■ **EXERCISE PROMPT**
Retype the records below exactly as they stand, but with no images.
______________________________
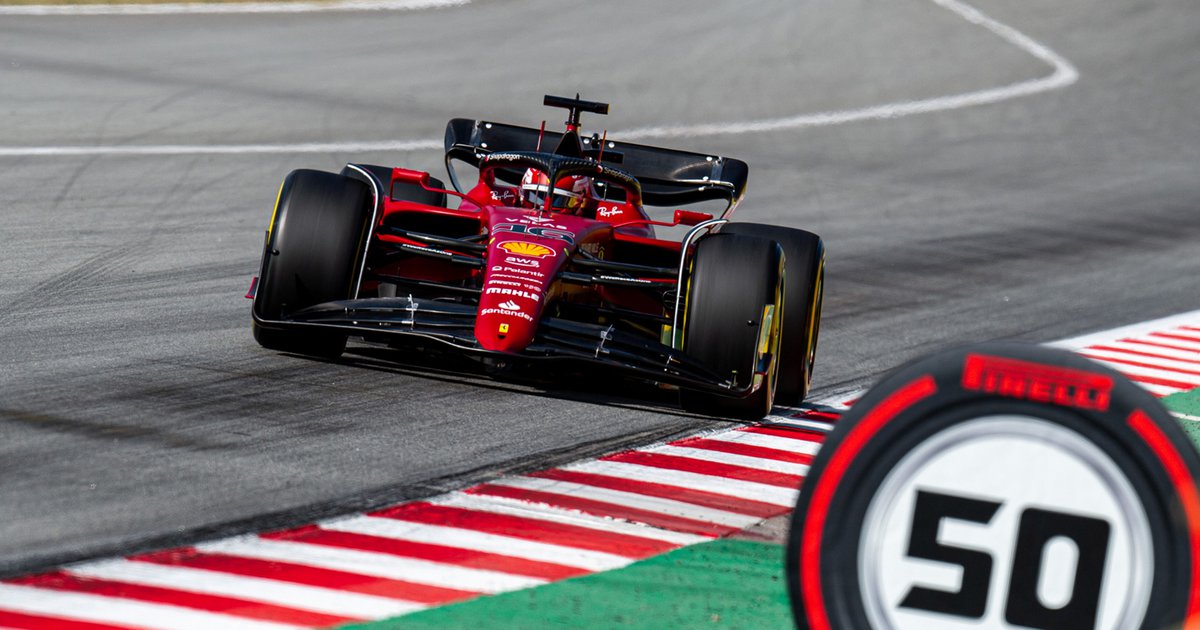 GP Ισπανίας - FP3: Βραχεία κεφαλή Leclerc, έξι οδηγοί στο μισό δευτερόλεπτο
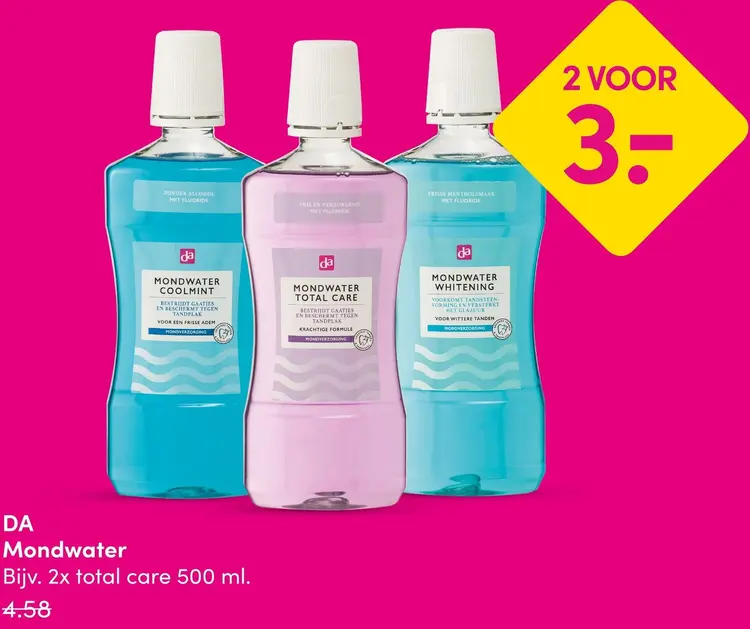 Aanbieding: Mondwater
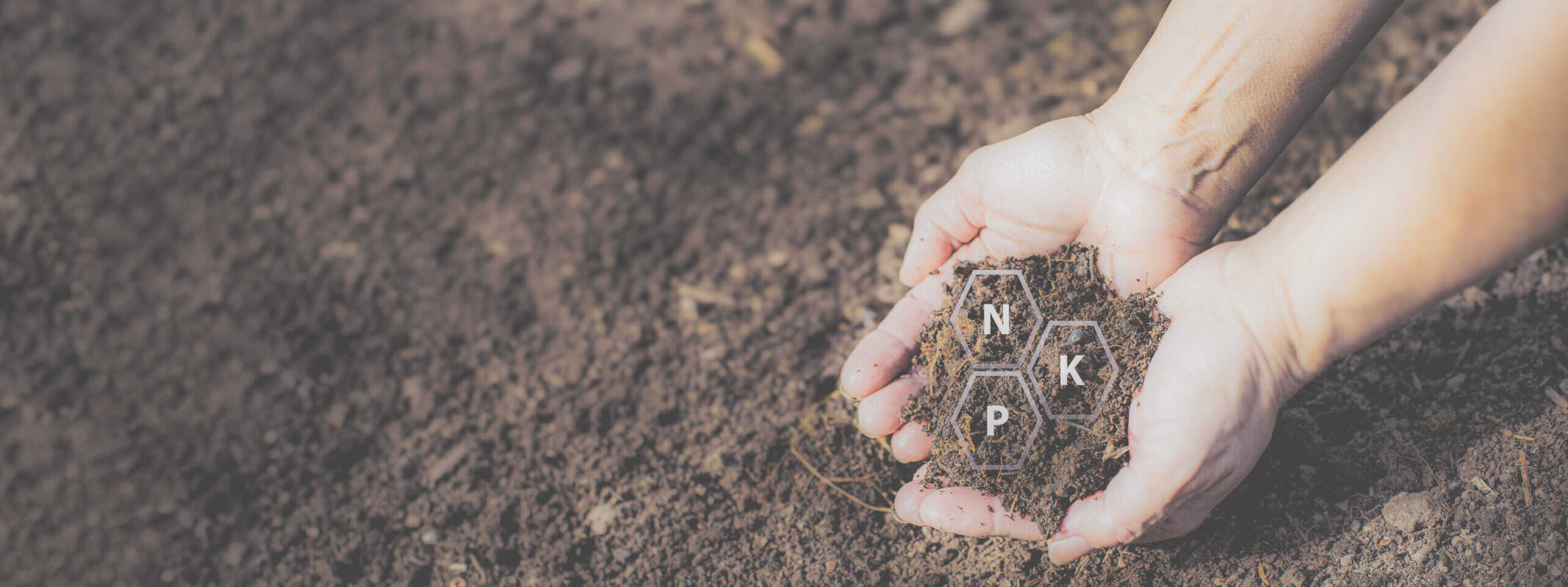 Winter minerals for farm fields and soil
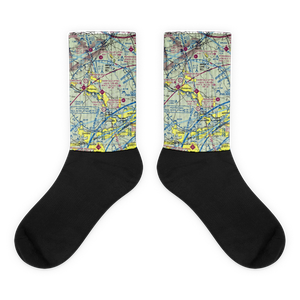 Heritage Field (PTW) VFR Sectional Socks
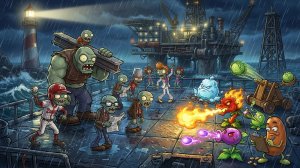 PVZ Universe 2 Битва ПОБЕДА ЗОМБИ Зомби против растений! Plants vs Zombies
______________________________
■ **WORKED SOLUTION**
 GP Ισπανίας - FP3: Βραχεία κεφαλή Leclerc, έξι οδηγοί στο μισό δευτερόλεπτο
 Aanbieding: Mondwater
 Winter minerals for farm fields and soil
 Heritage Field (PTW) VFR Sectional Socks
 PVZ Universe 2 Битва ПОБЕДА ЗОМБИ Зомби против растений! Plants vs Zombies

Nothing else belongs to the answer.